▸ REQUIRED WORK:
Could you restate word for word every line from the one containing "Beautiful Little Children" to the end of the data below, pictures excluded?

▸ DATA EXCERPT:

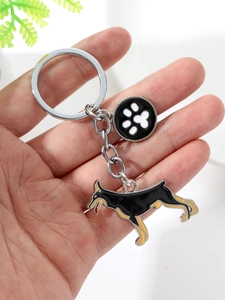 Close-up of Doberman keychain with enamel dog charm and white paw print pendant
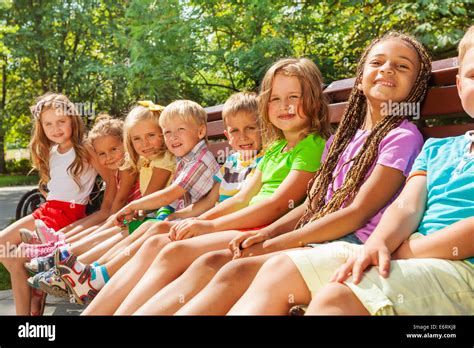 Beautiful Little Children Sit On Bench In Park Stock Photo Alamy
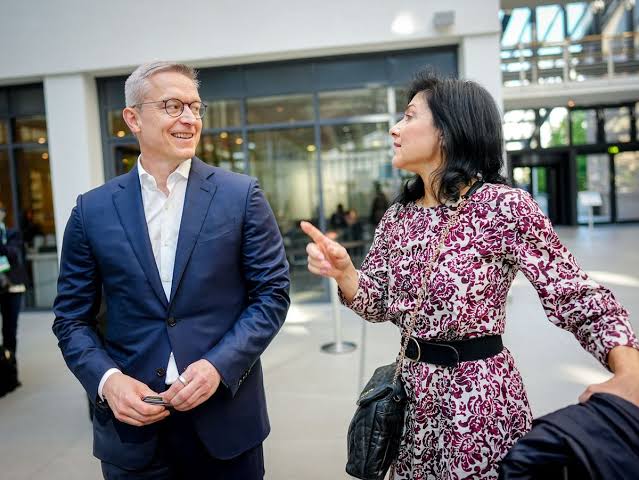Karsten Wildberger in a blue suit listening to a woman in a bright atrium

▸ PROBLEM SOLUTION:
 Beautiful Little Children Sit On Bench In Park Stock Photo Alamy
Karsten Wildberger in a blue suit listening to a woman in a bright atrium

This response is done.